[Dataset excerpts]
■ ■ ■ ■
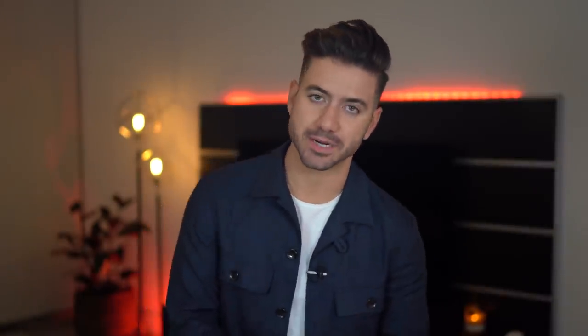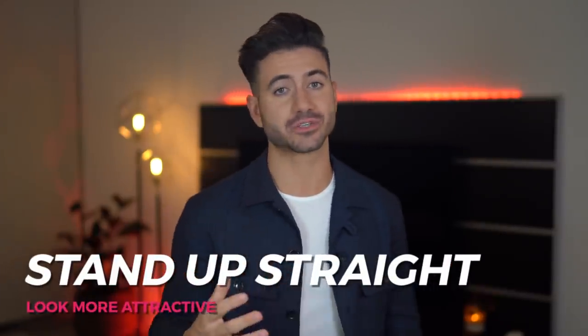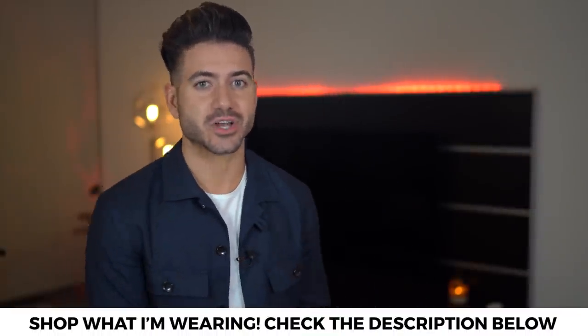Bonus tip: make sure you stand up straight and keep those shoulders back as often as possible. I'm on my phone and computer so much that I'm actually having posture issues, so I always correct myself when I catch myself slouching. It can take a really long time to change your habits if you've trained your body the wrong way, but I'm committed to doing it — and if I can do it, so can you. Together, let's remember: stand up straight, shoulders back, chest out. It's better for your look, but most importantly, it's better for your health.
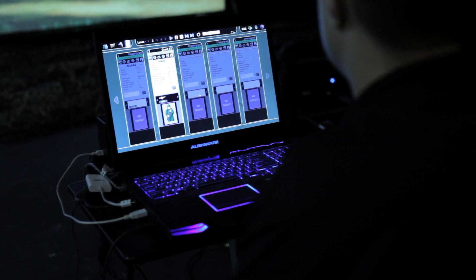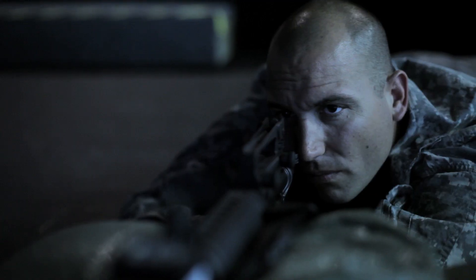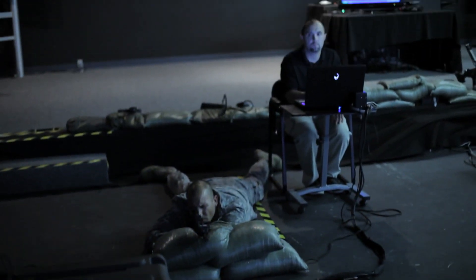Marksmanship skills are built on the EST by getting direct feedback from the system itself, such as trigger squeeze, canting of the weapon, improper holding, or malfunctions of the weapon itself. The instructor has the ability to see what the soldier is doing on a real-time basis.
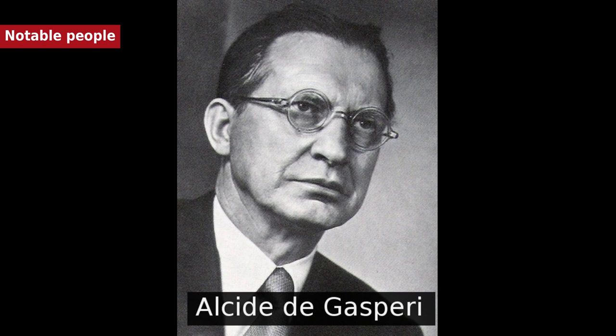Also notable are: Beniamino Andreata, politician; Lorenzo Bernardi, volleyball player for the Italian national team, declared player of the century by an international jury; Francesco Antonio Bonporti, composer; Aliprando Caprioli, 16th-century engraver; and Ernst von Koerber, prominent politician of Austria-Hungary.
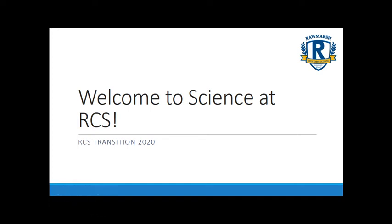Hi there, this is Mr Cawthorn from Roamarsh Community School and I'm really excited to welcome you and introduce you to the Science Department. I'm going to take you through the staff at Roamarsh and also the type of things that you'll be doing when you join us in Year 7. So to start off with we'll introduce you to the staff.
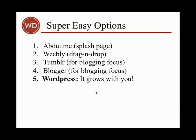The second tool, called Weebly, is a drag-and-drop site builder. It's basically a visual interface where you drag and drop different elements to create your site.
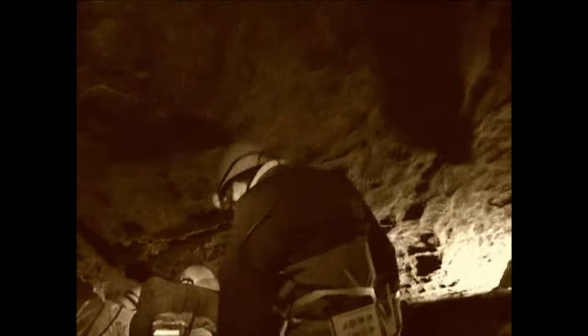Today we follow a team of modern cavers on the same journey that they made in 1959 to what was then called the Great Cascade Chamber, now renamed Moss Chamber.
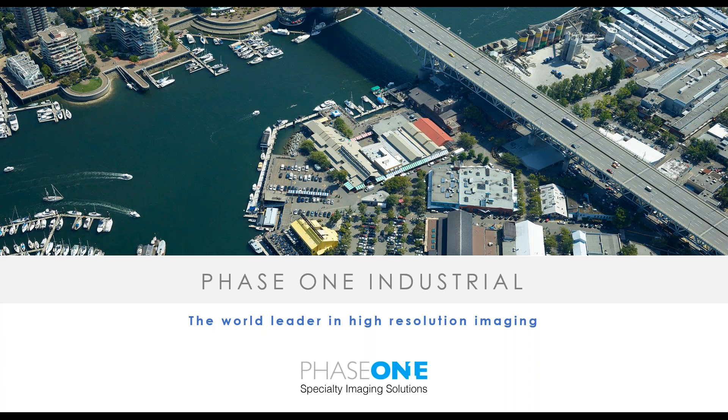Hello everyone and thank you for tuning into our monthly webinar series on Phase One industrial cameras and their applications. If you've been following along, you had a great intro in the flight planning with James last month. This month we're continuing the series with a talk on drone bridge inspections using Phase One industrial cameras.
■ ■ ■ ■
Both the first line of the records above and the line containing "Today we follow" belong in the copy; please return them and every line between, exactly, minus the pictures.

The answer
Bonus tip: make sure you stand up straight and keep those shoulders back as often as possible. I'm on my phone and computer so much that I'm actually having posture issues, so I always correct myself when I catch myself slouching. It can take a really long time to change your habits if you've trained your body the wrong way, but I'm committed to doing it — and if I can do it, so can you. Together, let's remember: stand up straight, shoulders back, chest out. It's better for your look, but most importantly, it's better for your health.
Marksmanship skills are built on the EST by getting direct feedback from the system itself, such as trigger squeeze, canting of the weapon, improper holding, or malfunctions of the weapon itself. The instructor has the ability to see what the soldier is doing on a real-time basis.
Also notable are: Beniamino Andreata, politician; Lorenzo Bernardi, volleyball player for the Italian national team, declared player of the century by an international jury; Francesco Antonio Bonporti, composer; Aliprando Caprioli, 16th-century engraver; and Ernst von Koerber, prominent politician of Austria-Hungary.
Hi there, this is Mr Cawthorn from Roamarsh Community School and I'm really excited to welcome you and introduce you to the Science Department. I'm going to take you through the staff at Roamarsh and also the type of things that you'll be doing when you join us in Year 7. So to start off with we'll introduce you to the staff.
The second tool, called Weebly, is a drag-and-drop site builder. It's basically a visual interface where you drag and drop different elements to create your site.
Today we follow a team of modern cavers on the same journey that they made in 1959 to what was then called the Great Cascade Chamber, now renamed Moss Chamber.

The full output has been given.